Queer cinema in Asia, more so than in other parts of the world, is undergoing astonishing development and generating cinematic works that are dazzling fest programmers around the globe.
For John Badalu, the director of the Q! Film Festival in Jakarta, the blossoming of Asian queer cinema is attributable to a number of factors.
“There are lots of filmmakers pushing the boundaries,” Badalu says. “Issues that have long been taboo are now being addressed, and young gay and lesbian filmmakers are eager to tell their stories in their own cultures.”
As a result, films from Taiwan, Japan, South Korea, Thailand and Singapore have been taking centerstage at queer fests around the globe, and Asian showcases are becoming the norm.
Last year’s London Lesbian & Gay Film Festival presented its strongest-ever showing of new films by East Asian directors, including “No Regret,” about a young student forced into prostitution and the wealthy young man who becomes obsessed with him; Royston Tan’s Singaporean drama “4:30”; and Tsai Ming-liang’s Malaysian drama “I Don’t Want to Sleep Alone.”
“All across the board, from Taiwan to Singapore, we are seeing boldly imaginative, unpredictable and engaging works,” says Brian Robinson, senior programmer at the London Lesbian & Gay Film Festival, adding that these filmmakers are taking risks and boldly leading the exploration of human sexuality in new directions.
The London fest also screened Filipino helmer Auraeus Solito’s last two films, “Tuli,” about a girl who shocks her village when she begins a romance with another girl, and the Teddy-winning “The Blossoming of Maximo Olivero,” about the relationship between an effeminate 12-year-old boy and a hunky policeman, as well as fellow Filipino filmmaker Jowee Morel’s “Pink Butterflies,” about the steamy relationship between two closeted men.
Asia’s new wave of gay and lesbian films, says Robinson, has captivated fest programmers and auds alike because the films are more interesting than the “cookie-cutter coming-out stories and formulaic romantic comedies and dramas” coming out of the U.S.
The Lesbisch Schwule Filmtage, a popular gay and lesbian fest in Hamburg, devoted a section to Taiwan in October, and the Asian Hot Shots Berlin fest in January included a Queer Asia section in its lineup.
While many filmmakers and distribs shy away from queer festivals for fear of being branded, Robinson argues that the cinematic exploration of human sexuality has plenty of potential to draw auds.
“There is great fluidity in human sexuality. There is a huge variety of sexual possibilities. There’s more of a market than people realize.”
Interest among Asian auds for homegrown product is also growing as local films become more relevant, Badalu says.

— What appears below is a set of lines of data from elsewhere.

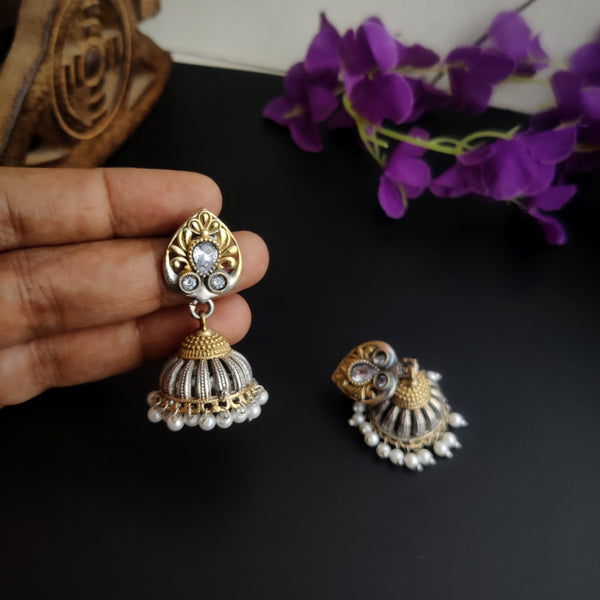 “Roshni” Oxidized Dual Tone Handcrafted Brass Jhumka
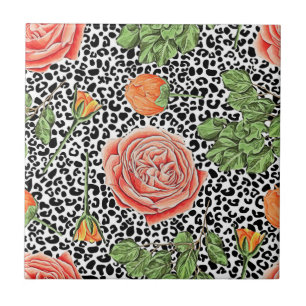 Leopard Spots Orange Floral Animal Pattern Tile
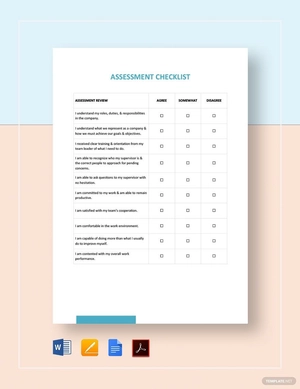 Assessment Checklist Template Assessment Checklist Template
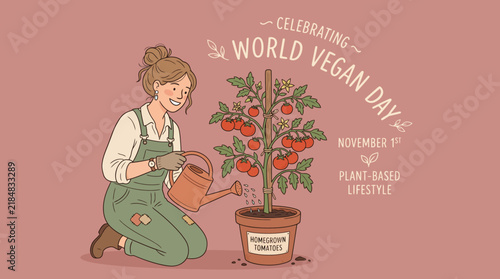 Celebrating World Vegan Day Vector Illustration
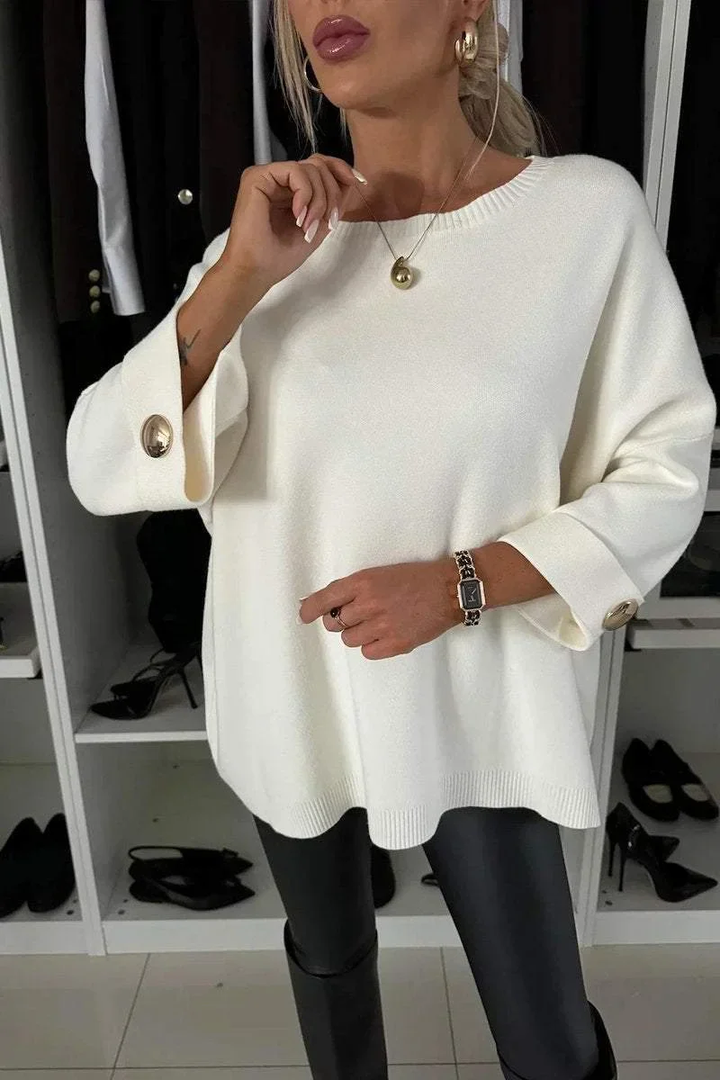 Levoire | Haut À Col Rond Et Manches Mi-Longues Style Intemporel Blanc
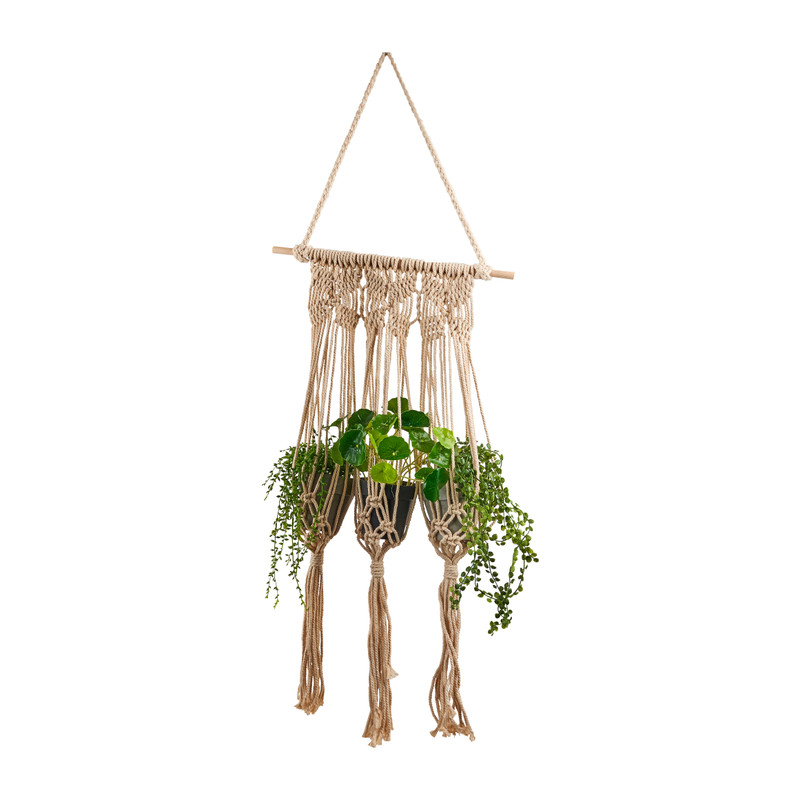 Plantenhanger - macramé - 3 potjes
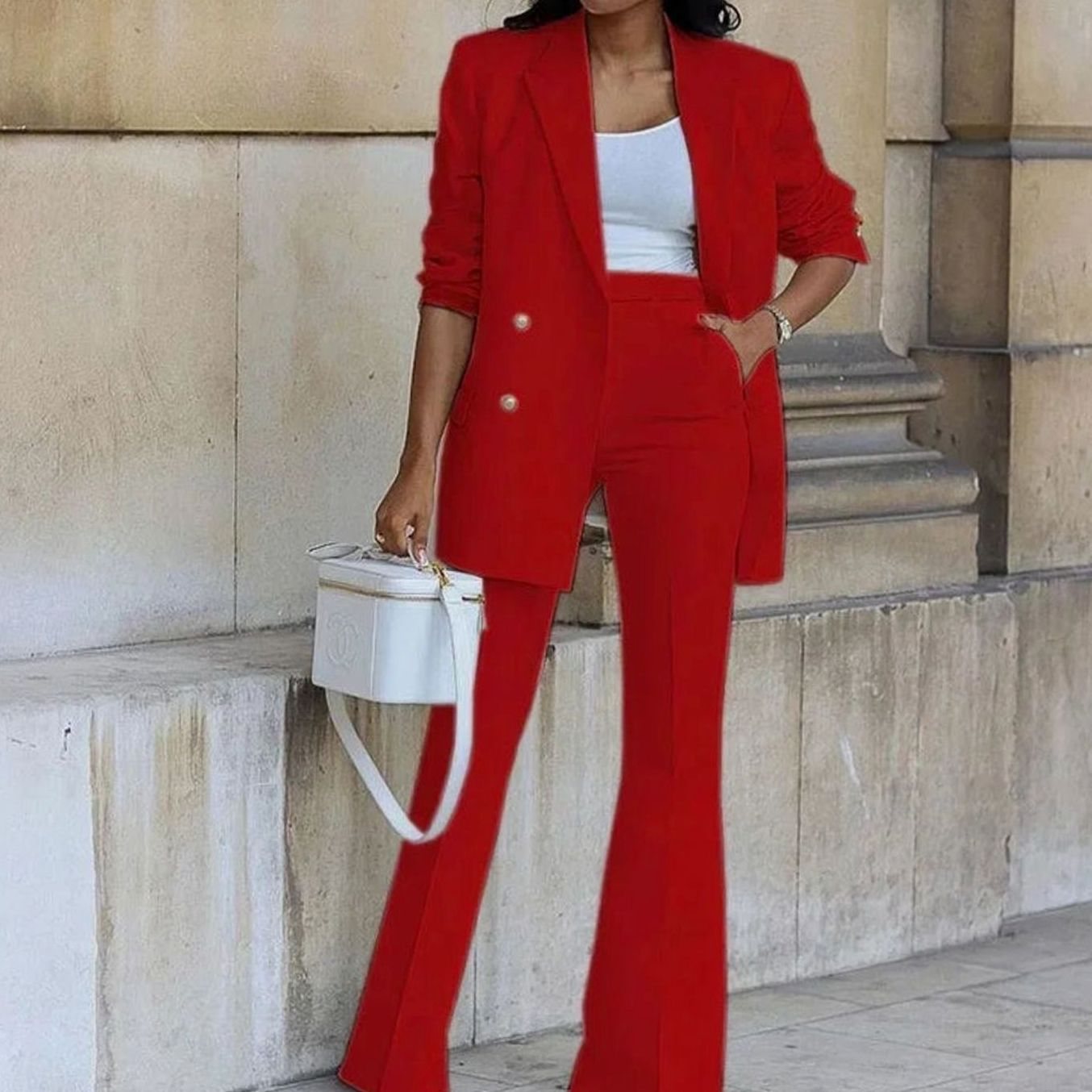 Women's Double-Breasted Tailored Flared Suit Set - Red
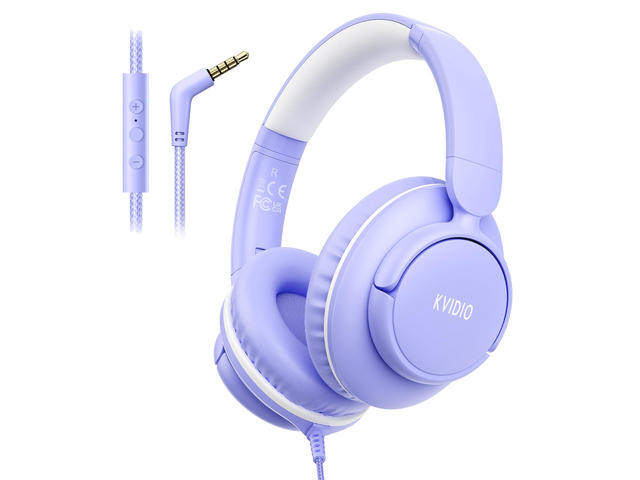 Wired Headphones with Mic, 3.5mm Plug Corded Headphones for School Purple Wired Over Ear Foldable Headphones for Teens Classroom Travel, 4.9ft...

That can be seen in South Korea, where auds went gaga over the 2005 costumer “King and the Clown,” about a 16th-century king who falls for his male court jester, making it one of the country’s highest-grossing films ever with $85 million, although the film wasn’t exactly marketed as a gay film. Moviegoers also turned out in droves for “No Regrets.”

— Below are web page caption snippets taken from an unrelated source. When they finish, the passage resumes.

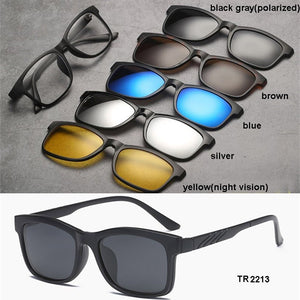 TR90 Clip On Sunglasses men Magnetic clip Sunglasses women Magnet Clip Optical Myopia glasses Frame with 5 sunglasses lens
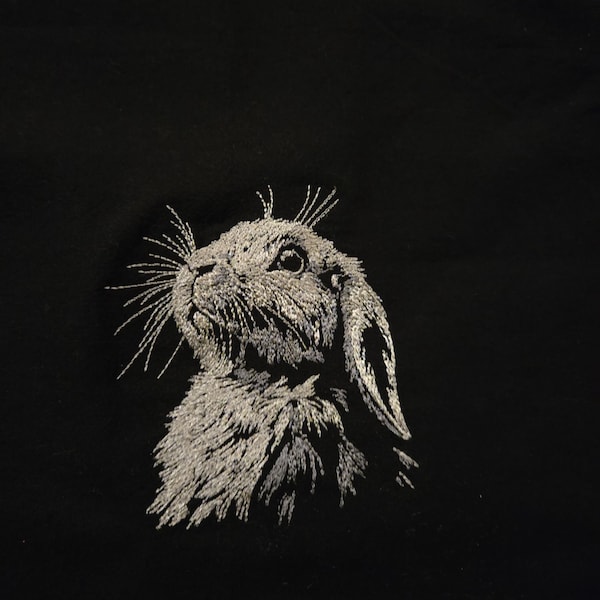 Adorable Lop Rabbit Embroidery Design, Realistic White Bunny Digital ...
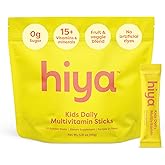 Hiya Kids Multivitamin – 15+ Essential Vitamins & Minerals with Fruits & Veggies for Ages 2+, Supports Growth, Development & Immune, 0g Sugar – 20 Stick Packs for Toddlers & Kids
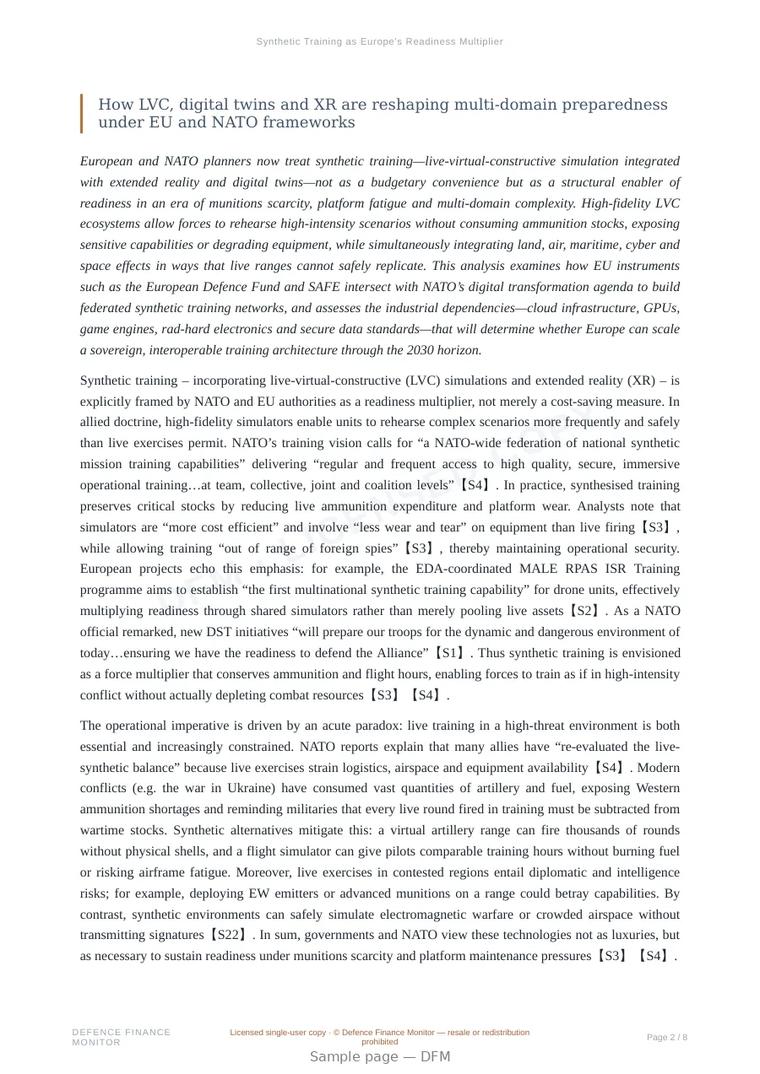 Sample page from “Synthetic Training as Europe’s Readiness Multiplier” — 9-page report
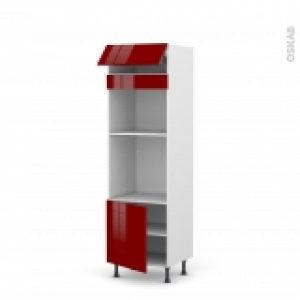 Colonne De Cuisine N516 Fourmo Encastrable Niche 45 Ivia Rouge 1 Abattant 1 Porte L60 X H195 X P58 Cm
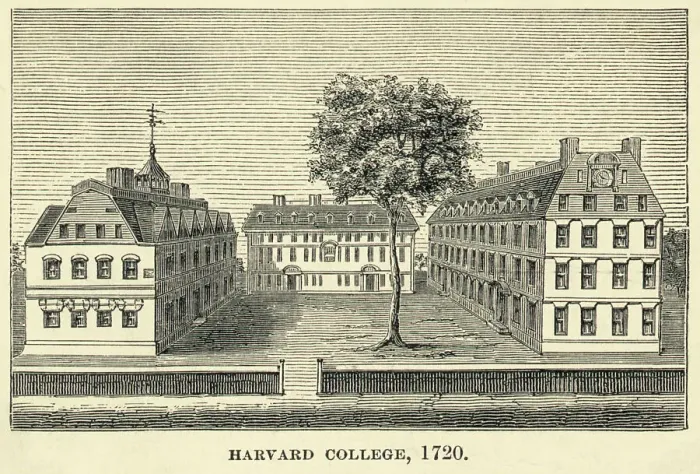 Framed Print : Engraving of Harvard College in 1720 Framed Print : Engraving of Harvard College in 1720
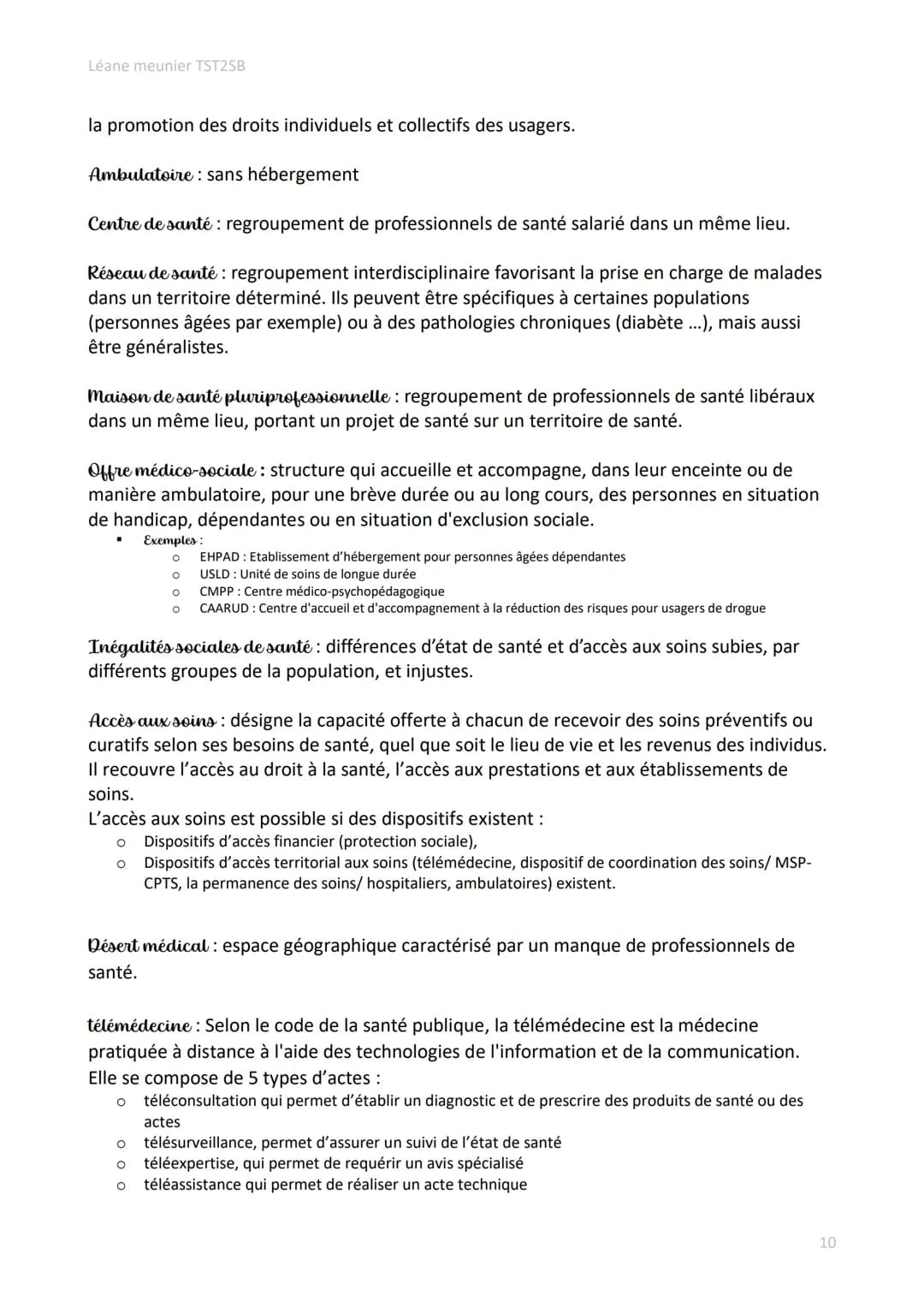Léane meunier TST2SB
# Définitions des notions de Première et de Terminale ST2S
Santé: Etat de complet bien-être physique, psychique et so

In other parts of the world, gay-themed pics may have a tougher time, although the opportunity to shine in the Panorama spotlight could make all the difference.
An examination of isolation, longing and repressed sexual tension set in the watery Parana Delta of northern Argentina, “La Leon” is not exactly an easy sell, says director Otheguy.
“A lot of fragile films like this one never see release, and that’s the worse thing that can happen to a filmmaker. The Panorama gave us the unique opportunity to present the film to buyers and critics from around the world and to a large number of festival programmers. The fact that ‘La Leon’ now has a well-known international distributor (MK2) as well as a local one (791 Cine), that it was released commercially in a number of European countries and that it was selected for a number of festivals is due in large part to the Panorama.”